Data for this exercise below:

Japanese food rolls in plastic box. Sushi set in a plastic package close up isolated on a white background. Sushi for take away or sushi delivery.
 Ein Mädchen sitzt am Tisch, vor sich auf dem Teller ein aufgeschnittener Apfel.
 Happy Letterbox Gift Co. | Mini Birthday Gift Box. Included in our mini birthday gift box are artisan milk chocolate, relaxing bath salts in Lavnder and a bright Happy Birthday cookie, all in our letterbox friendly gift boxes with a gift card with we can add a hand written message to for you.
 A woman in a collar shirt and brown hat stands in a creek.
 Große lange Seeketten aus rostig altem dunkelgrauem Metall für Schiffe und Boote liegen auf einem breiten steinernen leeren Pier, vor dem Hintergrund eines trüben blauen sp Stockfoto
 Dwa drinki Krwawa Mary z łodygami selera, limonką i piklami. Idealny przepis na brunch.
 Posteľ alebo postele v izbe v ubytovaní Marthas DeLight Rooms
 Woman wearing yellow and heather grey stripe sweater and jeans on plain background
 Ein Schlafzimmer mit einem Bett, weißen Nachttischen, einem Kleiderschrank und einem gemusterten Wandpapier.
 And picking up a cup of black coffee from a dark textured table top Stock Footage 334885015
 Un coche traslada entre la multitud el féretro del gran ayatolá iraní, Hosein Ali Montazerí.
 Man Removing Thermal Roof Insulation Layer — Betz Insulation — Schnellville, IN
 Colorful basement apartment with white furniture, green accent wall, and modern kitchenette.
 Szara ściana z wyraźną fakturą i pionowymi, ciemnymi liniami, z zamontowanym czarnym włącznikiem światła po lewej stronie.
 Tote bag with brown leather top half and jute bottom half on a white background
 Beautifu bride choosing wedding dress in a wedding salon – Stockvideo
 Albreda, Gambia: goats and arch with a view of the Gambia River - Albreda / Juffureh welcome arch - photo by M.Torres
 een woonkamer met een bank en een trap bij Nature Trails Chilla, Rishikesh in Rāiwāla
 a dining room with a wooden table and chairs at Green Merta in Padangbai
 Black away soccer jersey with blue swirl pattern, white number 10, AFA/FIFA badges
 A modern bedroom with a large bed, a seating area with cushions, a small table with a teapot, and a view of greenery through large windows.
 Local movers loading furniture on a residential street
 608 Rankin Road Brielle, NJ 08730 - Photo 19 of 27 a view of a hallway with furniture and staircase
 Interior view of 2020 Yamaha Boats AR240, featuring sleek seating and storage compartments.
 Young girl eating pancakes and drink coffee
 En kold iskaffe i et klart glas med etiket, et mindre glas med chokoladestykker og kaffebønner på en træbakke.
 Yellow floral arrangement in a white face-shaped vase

End of Data for this exercise.

Problem – Taking the entries above, write out exactly each line from the one holding "Local movers loading" to the one holding "Young girl eating pancakes and drink coffee", both included, and stop there.

Exercise response –
 Local movers loading furniture on a residential street
 608 Rankin Road Brielle, NJ 08730 - Photo 19 of 27 a view of a hallway with furniture and staircase
 Interior view of 2020 Yamaha Boats AR240, featuring sleek seating and storage compartments.
 Young girl eating pancakes and drink coffee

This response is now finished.